Foreign aid: The human toll of drastic cuts
The Trump administration will cut $60 billion in U.S. assistance
Cuts to U.S. foreign aid have “slammed humanitarian projects worldwide,” said Gerald Imray in the Associated Press, and will inflict suffering on untold millions. Having ordered a 90-day freeze and review of all foreign assistance in January, the Trump administration announced last week that it was terminating 90 percent of USAID’s contracts and cutting $60 billion in U.S. assistance. The assault has “stunned” nonprofits whose efforts to fight hunger, disease, and instability are now shuttering. Among the 10,000 contracts canceled was funding for a nutrition program run by U.S-based NGO Alight, which fed 1,700 malnourished children daily in Somalia.

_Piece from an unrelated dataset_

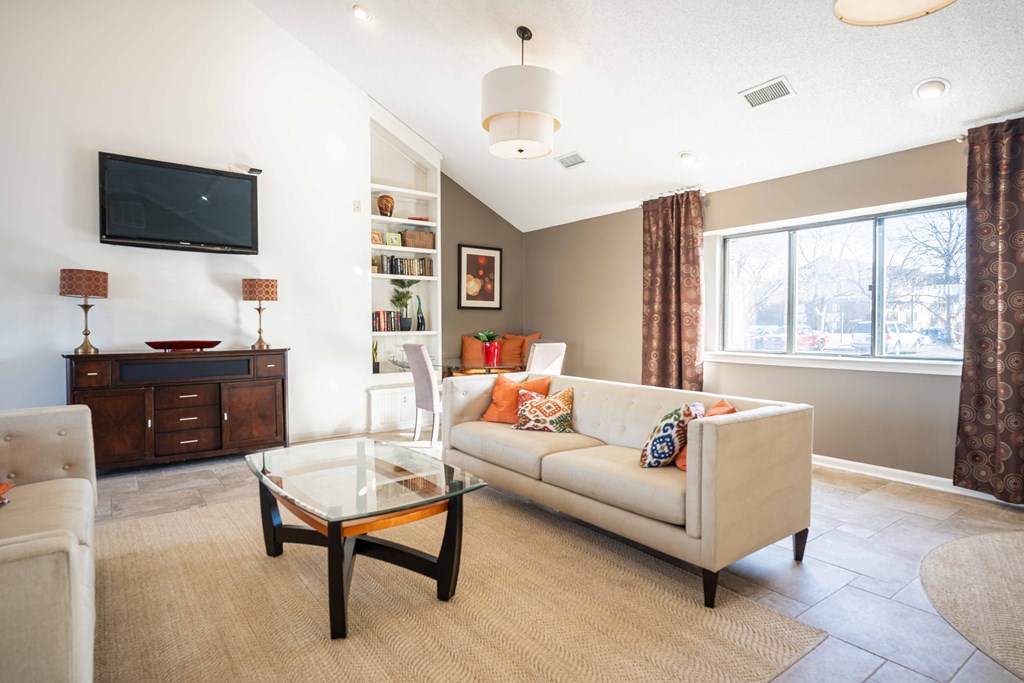 A living room with a white couch and a glass coffee table.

Some “absolutely” will die, said Alight head Jocelyn Wyatt. Food assistance for more than 1 million Ethiopians has been halted, as have maternal health-care programs in Syria, refugee assistance in Thailand, and HIV-prevention efforts that have saved millions of lives in Africa. “We are being pushed off a cliff,” said an HIV doctor in South Africa.
When aid was frozen, Secretary of State Marco Rubio promised waivers would be granted for “lifesaving” programs, said Jennifer Hansler in CNN.com. But that didn’t happen, according to senior USAID official Nicholas Enrich. He was put on leave this week after releasing a 20-page memo detailing the “intentional and/or unintentional obstacles” put in place by the Trump administration that stopped waivers from being approved. The blocks will result in harm “on a massive scale,” Enrich wrote, including an extra 200,000 children paralyzed with polio annually; severe malnutrition untreated in a million children; and up to 166,000 additional malaria deaths. Ebola prevention is another casualty, said Dan Diamond and John Hudson in The Washington Post, no matter what Elon Musk claims. The DOGE head recently said Ebola programs had been “accidentally canceled,” then restored. But current and former USAID officials report teams have been dismantled and programs gutted; “capacity is now a tenth of what it was,” said one.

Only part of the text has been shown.